TechnologyOne investigates 'cyber incident' on M365 system - 20230510004¶
Overview¶
The WA SOC has observed a cyber incident related to TechnologyOne, an Australian ERP SaaS provider, said an "unauthorised third party" has accessed the company's internal Microsoft 365 platform.
What has been observed?¶
In a financial filing [pdf], the company requested being placed into a trading halt. It said the third-party, which it did not characterise, had "acted illegally" in accessing the M365 instance.
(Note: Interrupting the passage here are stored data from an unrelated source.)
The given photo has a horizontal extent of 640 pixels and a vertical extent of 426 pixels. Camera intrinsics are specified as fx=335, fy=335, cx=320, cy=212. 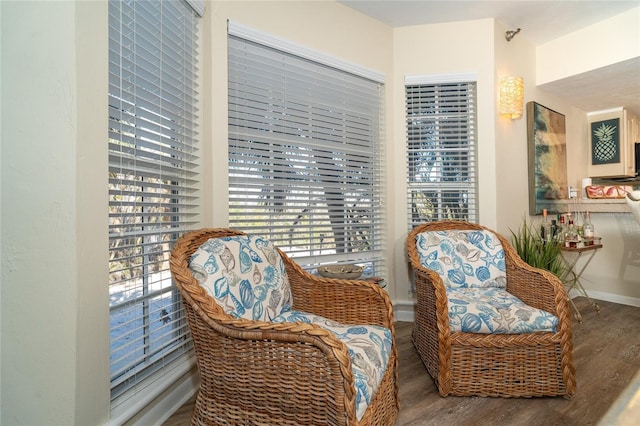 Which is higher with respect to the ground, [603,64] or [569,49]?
[569,49]

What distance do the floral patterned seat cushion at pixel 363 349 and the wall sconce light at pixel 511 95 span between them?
2480mm

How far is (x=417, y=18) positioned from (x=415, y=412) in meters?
2.99

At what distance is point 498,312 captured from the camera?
181 cm

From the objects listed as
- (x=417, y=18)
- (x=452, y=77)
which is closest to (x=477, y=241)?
(x=452, y=77)

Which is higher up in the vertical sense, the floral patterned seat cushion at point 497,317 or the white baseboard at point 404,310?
the floral patterned seat cushion at point 497,317

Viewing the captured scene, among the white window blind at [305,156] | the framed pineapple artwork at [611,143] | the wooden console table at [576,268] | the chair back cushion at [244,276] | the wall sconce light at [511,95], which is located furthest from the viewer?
the framed pineapple artwork at [611,143]

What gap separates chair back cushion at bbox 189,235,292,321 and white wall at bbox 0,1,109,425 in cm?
41

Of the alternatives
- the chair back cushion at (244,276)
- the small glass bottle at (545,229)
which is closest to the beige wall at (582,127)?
the small glass bottle at (545,229)

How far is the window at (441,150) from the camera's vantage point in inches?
119

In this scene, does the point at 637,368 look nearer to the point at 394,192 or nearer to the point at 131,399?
the point at 394,192

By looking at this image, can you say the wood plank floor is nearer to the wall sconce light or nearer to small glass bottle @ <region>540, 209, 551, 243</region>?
small glass bottle @ <region>540, 209, 551, 243</region>

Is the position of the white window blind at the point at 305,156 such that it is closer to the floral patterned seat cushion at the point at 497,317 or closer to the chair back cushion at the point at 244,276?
the chair back cushion at the point at 244,276

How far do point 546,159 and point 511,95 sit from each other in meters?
0.93

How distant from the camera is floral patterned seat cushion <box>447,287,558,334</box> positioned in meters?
1.76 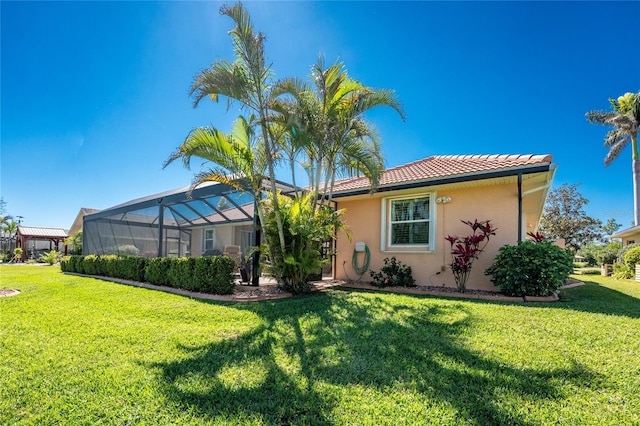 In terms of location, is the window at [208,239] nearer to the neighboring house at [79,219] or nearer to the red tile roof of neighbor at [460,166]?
the red tile roof of neighbor at [460,166]

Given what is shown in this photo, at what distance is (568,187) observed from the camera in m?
35.6

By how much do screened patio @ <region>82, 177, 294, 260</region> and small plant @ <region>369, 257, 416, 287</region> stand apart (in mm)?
4034

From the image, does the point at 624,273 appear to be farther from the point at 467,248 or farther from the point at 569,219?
the point at 569,219

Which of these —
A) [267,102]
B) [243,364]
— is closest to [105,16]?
[267,102]

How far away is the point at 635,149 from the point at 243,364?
33.7 metres

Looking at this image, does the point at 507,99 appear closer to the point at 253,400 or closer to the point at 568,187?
the point at 253,400

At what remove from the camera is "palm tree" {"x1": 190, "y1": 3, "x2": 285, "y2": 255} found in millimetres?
7203

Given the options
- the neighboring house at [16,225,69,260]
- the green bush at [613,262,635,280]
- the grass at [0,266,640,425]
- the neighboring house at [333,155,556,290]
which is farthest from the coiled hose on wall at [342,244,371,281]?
the neighboring house at [16,225,69,260]

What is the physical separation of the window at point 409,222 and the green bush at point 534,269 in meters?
2.41

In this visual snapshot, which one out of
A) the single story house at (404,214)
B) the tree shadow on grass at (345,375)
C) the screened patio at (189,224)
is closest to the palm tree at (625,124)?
the single story house at (404,214)

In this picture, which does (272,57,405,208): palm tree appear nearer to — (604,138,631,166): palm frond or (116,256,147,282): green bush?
(116,256,147,282): green bush

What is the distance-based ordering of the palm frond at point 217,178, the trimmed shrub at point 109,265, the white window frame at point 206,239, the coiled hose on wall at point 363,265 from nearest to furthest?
1. the palm frond at point 217,178
2. the coiled hose on wall at point 363,265
3. the white window frame at point 206,239
4. the trimmed shrub at point 109,265

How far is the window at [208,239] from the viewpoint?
1183cm

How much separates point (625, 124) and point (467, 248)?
26699 millimetres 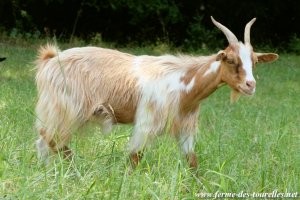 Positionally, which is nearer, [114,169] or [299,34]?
[114,169]

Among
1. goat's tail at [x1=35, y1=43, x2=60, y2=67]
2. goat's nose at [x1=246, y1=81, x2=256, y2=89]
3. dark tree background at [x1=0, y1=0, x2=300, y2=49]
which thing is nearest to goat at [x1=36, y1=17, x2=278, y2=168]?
goat's tail at [x1=35, y1=43, x2=60, y2=67]

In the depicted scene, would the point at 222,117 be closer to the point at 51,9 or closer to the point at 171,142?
the point at 171,142

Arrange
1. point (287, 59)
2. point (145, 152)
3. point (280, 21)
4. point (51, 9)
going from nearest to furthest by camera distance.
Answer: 1. point (145, 152)
2. point (287, 59)
3. point (51, 9)
4. point (280, 21)

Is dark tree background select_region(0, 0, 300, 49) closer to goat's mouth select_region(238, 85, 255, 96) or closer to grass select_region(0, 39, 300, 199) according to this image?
grass select_region(0, 39, 300, 199)

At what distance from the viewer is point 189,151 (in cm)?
514

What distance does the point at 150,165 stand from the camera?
14.7 ft

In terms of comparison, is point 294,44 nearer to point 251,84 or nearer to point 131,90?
point 131,90

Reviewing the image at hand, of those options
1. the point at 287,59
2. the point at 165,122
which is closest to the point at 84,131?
the point at 165,122

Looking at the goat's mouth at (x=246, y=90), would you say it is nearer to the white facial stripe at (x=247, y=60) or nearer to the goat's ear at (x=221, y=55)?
the white facial stripe at (x=247, y=60)

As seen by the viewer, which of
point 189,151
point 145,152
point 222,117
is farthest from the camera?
point 222,117

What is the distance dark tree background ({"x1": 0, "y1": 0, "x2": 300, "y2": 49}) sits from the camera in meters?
17.0

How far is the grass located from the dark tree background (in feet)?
33.2

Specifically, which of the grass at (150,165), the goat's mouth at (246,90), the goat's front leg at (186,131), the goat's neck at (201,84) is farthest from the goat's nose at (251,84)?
the goat's front leg at (186,131)

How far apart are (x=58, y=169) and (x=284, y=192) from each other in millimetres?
1428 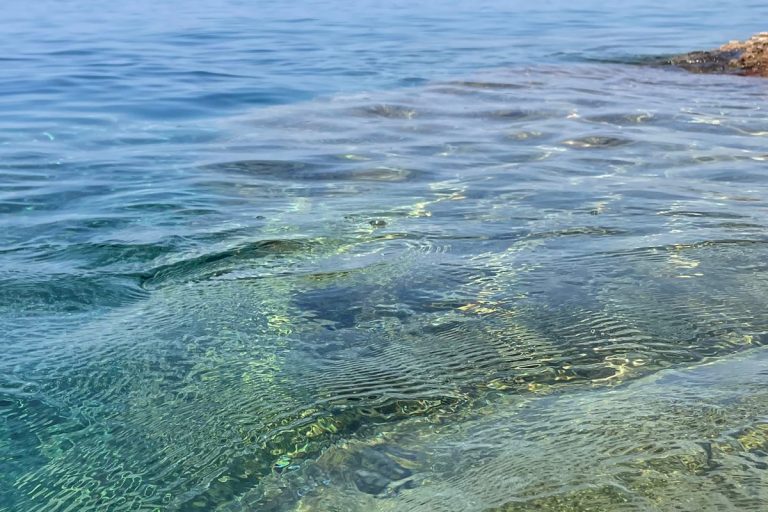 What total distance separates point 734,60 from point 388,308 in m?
9.62

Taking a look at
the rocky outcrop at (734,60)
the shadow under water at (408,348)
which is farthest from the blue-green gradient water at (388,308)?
the rocky outcrop at (734,60)

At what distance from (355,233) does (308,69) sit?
8520 mm

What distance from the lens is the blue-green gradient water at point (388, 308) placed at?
2303 mm

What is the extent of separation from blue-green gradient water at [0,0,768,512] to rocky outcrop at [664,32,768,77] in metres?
2.29

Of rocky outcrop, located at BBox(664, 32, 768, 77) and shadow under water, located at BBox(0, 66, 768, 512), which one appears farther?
rocky outcrop, located at BBox(664, 32, 768, 77)

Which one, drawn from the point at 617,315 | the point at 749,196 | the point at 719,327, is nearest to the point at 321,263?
the point at 617,315

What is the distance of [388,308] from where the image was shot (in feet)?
11.7

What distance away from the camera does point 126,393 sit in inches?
110

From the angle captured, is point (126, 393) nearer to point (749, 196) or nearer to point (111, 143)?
point (749, 196)

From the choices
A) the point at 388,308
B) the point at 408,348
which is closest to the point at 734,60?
the point at 388,308

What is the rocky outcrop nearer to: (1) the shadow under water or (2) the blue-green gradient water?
(2) the blue-green gradient water

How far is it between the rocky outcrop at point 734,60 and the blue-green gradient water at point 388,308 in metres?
2.29

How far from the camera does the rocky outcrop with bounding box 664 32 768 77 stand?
36.4ft

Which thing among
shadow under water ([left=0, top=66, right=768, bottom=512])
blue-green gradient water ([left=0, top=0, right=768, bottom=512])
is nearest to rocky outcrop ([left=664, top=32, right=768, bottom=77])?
blue-green gradient water ([left=0, top=0, right=768, bottom=512]) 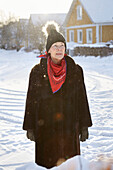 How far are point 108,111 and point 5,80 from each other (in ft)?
20.9

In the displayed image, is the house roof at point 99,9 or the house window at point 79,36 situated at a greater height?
the house roof at point 99,9

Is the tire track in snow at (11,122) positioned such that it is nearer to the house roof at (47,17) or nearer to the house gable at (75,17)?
the house gable at (75,17)

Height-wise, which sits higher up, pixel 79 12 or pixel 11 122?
pixel 79 12

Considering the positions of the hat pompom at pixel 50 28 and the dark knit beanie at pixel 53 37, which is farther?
the hat pompom at pixel 50 28

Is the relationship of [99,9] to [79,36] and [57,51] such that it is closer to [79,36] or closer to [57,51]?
[79,36]

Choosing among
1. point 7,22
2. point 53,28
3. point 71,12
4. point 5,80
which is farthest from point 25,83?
point 7,22

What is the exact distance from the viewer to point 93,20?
2570cm

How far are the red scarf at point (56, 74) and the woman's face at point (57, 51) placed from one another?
61 mm

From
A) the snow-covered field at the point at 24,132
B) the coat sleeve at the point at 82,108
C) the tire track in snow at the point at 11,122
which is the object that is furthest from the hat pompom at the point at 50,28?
the tire track in snow at the point at 11,122

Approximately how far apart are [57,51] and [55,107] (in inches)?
25.4

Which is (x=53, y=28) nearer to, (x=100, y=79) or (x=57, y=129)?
(x=57, y=129)

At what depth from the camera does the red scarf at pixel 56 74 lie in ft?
9.22

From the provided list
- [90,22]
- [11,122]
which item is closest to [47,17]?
[90,22]

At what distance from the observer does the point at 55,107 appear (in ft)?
9.64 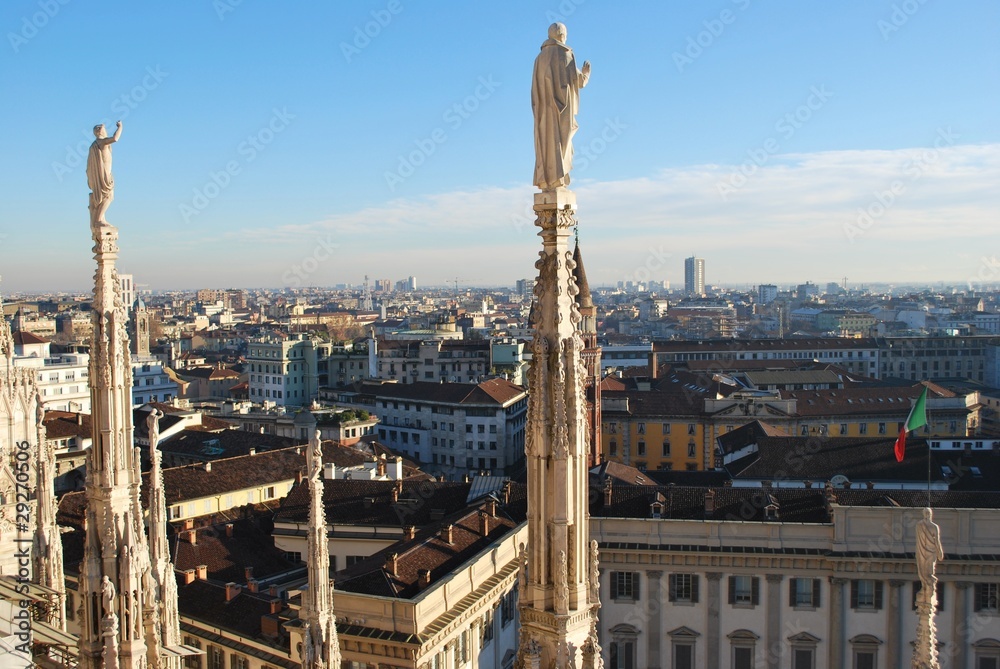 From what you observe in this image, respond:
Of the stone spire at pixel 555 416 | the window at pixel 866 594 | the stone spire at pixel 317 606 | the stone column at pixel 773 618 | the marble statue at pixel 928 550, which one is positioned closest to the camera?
the stone spire at pixel 555 416

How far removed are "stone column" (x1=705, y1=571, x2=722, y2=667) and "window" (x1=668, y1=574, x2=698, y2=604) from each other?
367 mm

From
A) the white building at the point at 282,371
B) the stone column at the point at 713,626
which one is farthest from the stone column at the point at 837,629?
the white building at the point at 282,371

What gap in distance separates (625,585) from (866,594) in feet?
20.4

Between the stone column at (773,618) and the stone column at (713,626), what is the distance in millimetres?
1264

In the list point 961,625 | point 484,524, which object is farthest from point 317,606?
point 961,625

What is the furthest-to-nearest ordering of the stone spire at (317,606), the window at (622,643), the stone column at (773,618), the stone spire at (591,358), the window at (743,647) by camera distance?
1. the stone spire at (591,358)
2. the window at (622,643)
3. the window at (743,647)
4. the stone column at (773,618)
5. the stone spire at (317,606)

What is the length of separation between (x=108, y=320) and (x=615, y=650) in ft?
67.6

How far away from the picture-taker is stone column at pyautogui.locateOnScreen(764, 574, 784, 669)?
25.0 metres

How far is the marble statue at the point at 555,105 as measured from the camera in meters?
5.61

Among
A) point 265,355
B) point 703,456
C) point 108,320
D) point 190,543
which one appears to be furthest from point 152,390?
point 108,320

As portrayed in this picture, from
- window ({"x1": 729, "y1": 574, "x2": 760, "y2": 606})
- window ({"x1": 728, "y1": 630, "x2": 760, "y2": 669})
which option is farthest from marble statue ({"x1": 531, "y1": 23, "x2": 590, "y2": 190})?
window ({"x1": 728, "y1": 630, "x2": 760, "y2": 669})

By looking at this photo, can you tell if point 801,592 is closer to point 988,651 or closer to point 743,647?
point 743,647

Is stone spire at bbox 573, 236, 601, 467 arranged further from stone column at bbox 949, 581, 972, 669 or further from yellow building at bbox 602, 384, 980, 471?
stone column at bbox 949, 581, 972, 669

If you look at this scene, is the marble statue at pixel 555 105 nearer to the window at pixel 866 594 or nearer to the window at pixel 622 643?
the window at pixel 622 643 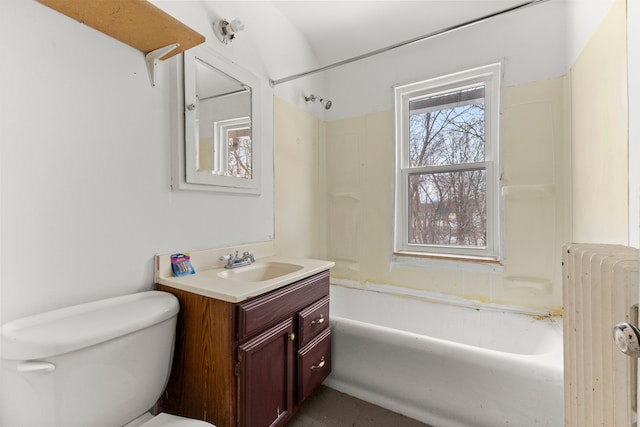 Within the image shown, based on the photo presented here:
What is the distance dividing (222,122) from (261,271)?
0.86 m

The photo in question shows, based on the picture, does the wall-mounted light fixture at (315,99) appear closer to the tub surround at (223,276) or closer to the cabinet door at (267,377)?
the tub surround at (223,276)

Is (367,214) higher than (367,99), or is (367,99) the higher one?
(367,99)

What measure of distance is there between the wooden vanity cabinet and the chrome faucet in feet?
1.12

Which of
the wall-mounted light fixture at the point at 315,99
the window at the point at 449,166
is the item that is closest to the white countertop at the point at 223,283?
the window at the point at 449,166

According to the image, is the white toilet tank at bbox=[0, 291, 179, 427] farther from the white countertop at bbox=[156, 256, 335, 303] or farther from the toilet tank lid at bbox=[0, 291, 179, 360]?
the white countertop at bbox=[156, 256, 335, 303]

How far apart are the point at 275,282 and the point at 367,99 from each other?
5.92 feet

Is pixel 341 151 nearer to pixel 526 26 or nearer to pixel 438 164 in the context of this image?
pixel 438 164

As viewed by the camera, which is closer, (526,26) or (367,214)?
(526,26)

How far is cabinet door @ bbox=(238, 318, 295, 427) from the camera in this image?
3.32ft

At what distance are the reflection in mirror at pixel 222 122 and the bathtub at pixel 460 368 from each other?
3.54 ft

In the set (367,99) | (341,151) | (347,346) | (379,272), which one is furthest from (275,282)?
(367,99)

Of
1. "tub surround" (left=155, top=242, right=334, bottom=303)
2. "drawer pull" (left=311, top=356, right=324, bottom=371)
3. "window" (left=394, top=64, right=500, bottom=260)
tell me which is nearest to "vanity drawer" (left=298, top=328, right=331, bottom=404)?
"drawer pull" (left=311, top=356, right=324, bottom=371)

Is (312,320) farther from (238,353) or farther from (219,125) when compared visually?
(219,125)

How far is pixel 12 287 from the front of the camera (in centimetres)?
83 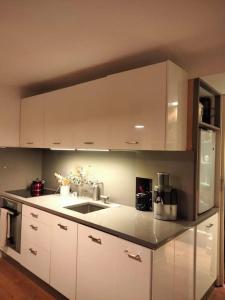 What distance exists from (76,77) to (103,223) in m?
1.65

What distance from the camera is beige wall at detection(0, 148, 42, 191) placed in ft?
9.98

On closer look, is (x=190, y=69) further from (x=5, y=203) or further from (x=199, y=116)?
(x=5, y=203)

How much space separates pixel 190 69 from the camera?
2.10m

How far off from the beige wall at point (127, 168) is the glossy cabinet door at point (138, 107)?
369mm

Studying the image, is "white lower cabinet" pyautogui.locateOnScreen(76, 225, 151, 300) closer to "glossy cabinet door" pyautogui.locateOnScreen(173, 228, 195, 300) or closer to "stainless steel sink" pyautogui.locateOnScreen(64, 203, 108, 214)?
"glossy cabinet door" pyautogui.locateOnScreen(173, 228, 195, 300)

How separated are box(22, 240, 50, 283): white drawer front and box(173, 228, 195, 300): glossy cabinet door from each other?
1224 millimetres

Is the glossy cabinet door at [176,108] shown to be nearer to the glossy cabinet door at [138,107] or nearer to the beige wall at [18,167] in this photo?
the glossy cabinet door at [138,107]

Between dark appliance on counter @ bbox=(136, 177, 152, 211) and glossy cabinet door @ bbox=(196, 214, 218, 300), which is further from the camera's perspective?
dark appliance on counter @ bbox=(136, 177, 152, 211)

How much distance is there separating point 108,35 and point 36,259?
2.21 m

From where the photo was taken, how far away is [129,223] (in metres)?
1.85

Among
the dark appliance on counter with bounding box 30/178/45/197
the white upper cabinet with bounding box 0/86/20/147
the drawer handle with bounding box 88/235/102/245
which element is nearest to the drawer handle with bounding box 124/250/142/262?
the drawer handle with bounding box 88/235/102/245

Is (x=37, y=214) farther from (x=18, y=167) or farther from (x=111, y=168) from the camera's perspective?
(x=18, y=167)

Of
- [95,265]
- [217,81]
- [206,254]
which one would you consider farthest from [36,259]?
[217,81]

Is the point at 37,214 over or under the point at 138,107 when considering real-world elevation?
under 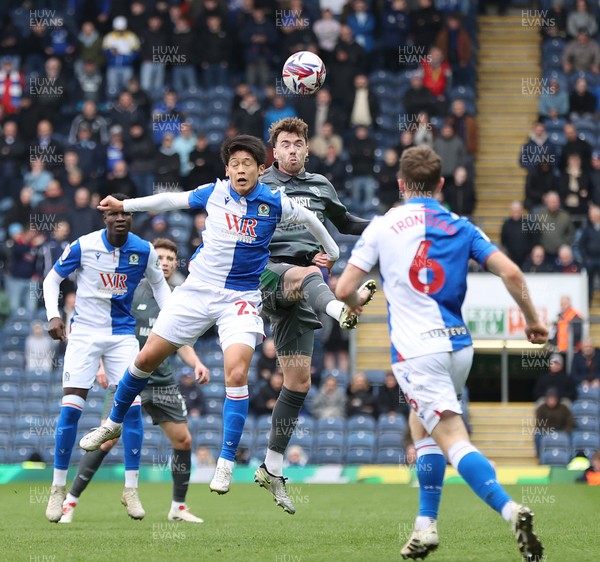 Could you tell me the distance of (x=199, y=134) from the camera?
75.7 ft

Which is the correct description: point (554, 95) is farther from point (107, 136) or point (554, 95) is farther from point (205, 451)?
point (205, 451)

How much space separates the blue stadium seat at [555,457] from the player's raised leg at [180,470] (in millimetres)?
8094

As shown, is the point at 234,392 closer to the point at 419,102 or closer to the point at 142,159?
the point at 142,159

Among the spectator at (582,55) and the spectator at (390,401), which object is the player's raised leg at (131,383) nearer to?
the spectator at (390,401)

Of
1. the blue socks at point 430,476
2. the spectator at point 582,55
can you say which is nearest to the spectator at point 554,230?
the spectator at point 582,55

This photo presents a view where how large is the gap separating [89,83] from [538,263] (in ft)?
32.0

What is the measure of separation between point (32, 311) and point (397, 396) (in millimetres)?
6473

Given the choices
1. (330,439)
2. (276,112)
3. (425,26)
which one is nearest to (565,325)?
(330,439)

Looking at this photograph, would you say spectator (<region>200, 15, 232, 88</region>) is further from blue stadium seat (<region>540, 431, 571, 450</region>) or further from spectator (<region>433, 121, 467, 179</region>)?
blue stadium seat (<region>540, 431, 571, 450</region>)

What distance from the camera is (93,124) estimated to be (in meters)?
23.4

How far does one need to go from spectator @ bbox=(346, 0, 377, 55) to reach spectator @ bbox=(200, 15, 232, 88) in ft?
8.07

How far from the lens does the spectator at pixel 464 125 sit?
74.7 ft

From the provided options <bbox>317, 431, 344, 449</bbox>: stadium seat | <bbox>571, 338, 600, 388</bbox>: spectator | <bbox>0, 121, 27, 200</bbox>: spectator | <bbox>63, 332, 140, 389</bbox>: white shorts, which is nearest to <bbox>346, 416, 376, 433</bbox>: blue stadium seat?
<bbox>317, 431, 344, 449</bbox>: stadium seat

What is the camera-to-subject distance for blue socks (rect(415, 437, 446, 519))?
8.28 m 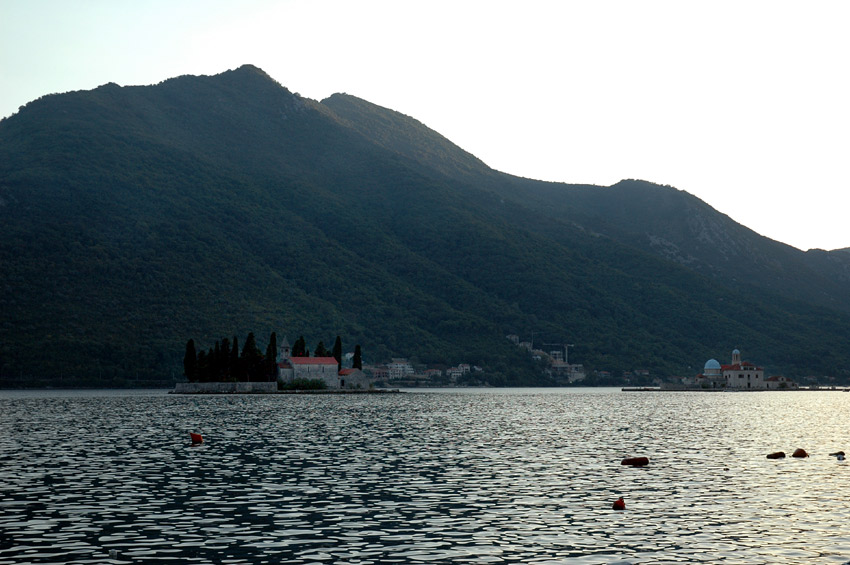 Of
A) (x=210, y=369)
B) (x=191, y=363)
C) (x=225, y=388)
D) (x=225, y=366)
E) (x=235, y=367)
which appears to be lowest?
(x=225, y=388)

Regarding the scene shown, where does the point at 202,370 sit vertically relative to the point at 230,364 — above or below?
below

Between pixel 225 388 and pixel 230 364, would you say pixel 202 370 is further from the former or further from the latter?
pixel 225 388

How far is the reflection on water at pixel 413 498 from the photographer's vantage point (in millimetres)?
30328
TechnologyOne said its customer-facing SaaS platform isn't connected to M365 "and therefore has not been impacted". "The company has acted with urgency to investigate the issue, including initiation of its cyber response strategy, appointing third party experts, and isolating affected systems," it said. "Once the investigation is further progressed, we will be in a position to contact those who may be affected to work with them on the ongoing safety of their data."
References¶
Recommendation¶
If any TechnologyOne services are in use, please request ongoing updates related to this cybersecurity incident from your vendor to your cyber executive. Please inform DGov via cybersecurity@dpc.wa.gov.au for any material updates indicating a loss of sensitive information. The WA SOC also recommends reviewing activity related to TechnologyOne services for the past 7 days, especially privileged actions and unusual access.